[DATASET EXCERPT Boundary: Start]
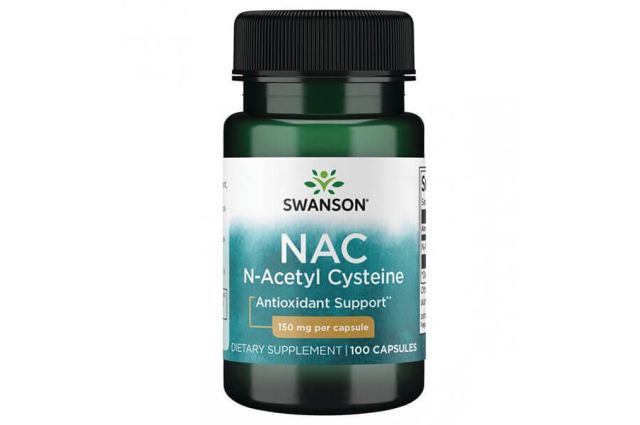 NAC N-Acetyl Cysteine 150mg 100cap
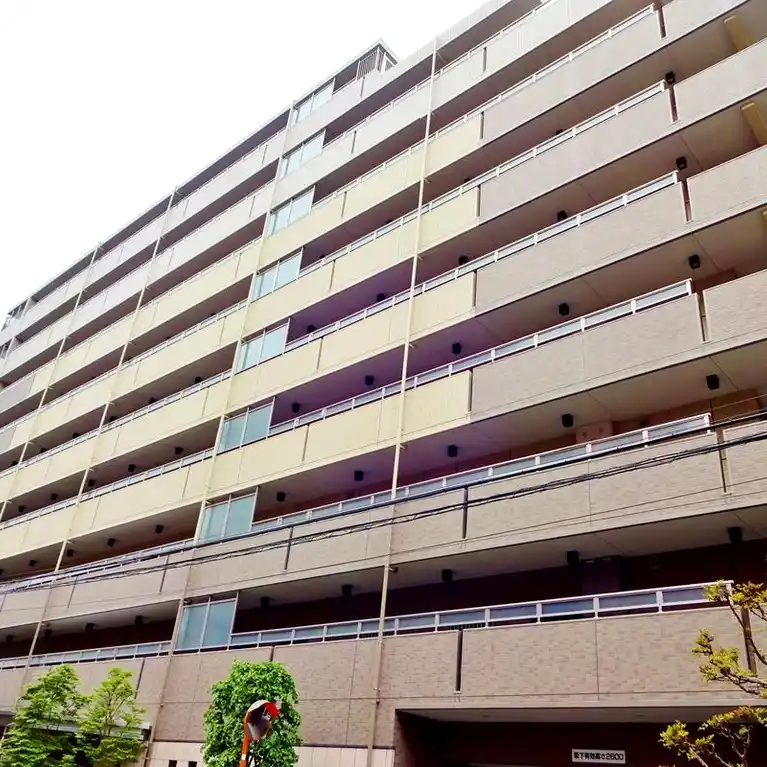 ライオンズマンション門前仲町古石場第2 外観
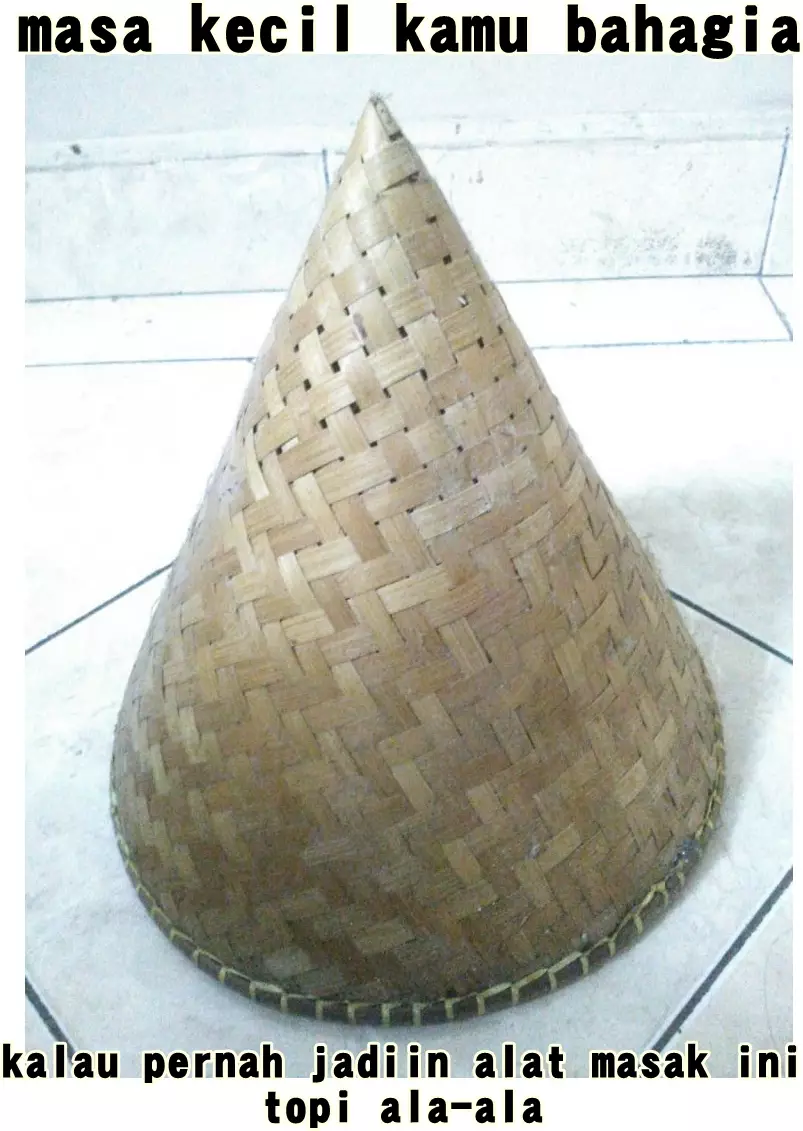 Meme alat kuno di rumah Berbagai sumber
[DATASET EXCERPT Boundary: End]
(THE TASK):
Repeat the listing in full and exactly. Leave any pictures out.

(EXPECTED OUTPUT):
 NAC N-Acetyl Cysteine 150mg 100cap
 ライオンズマンション門前仲町古石場第2 外観
 Meme alat kuno di rumah Berbagai sumber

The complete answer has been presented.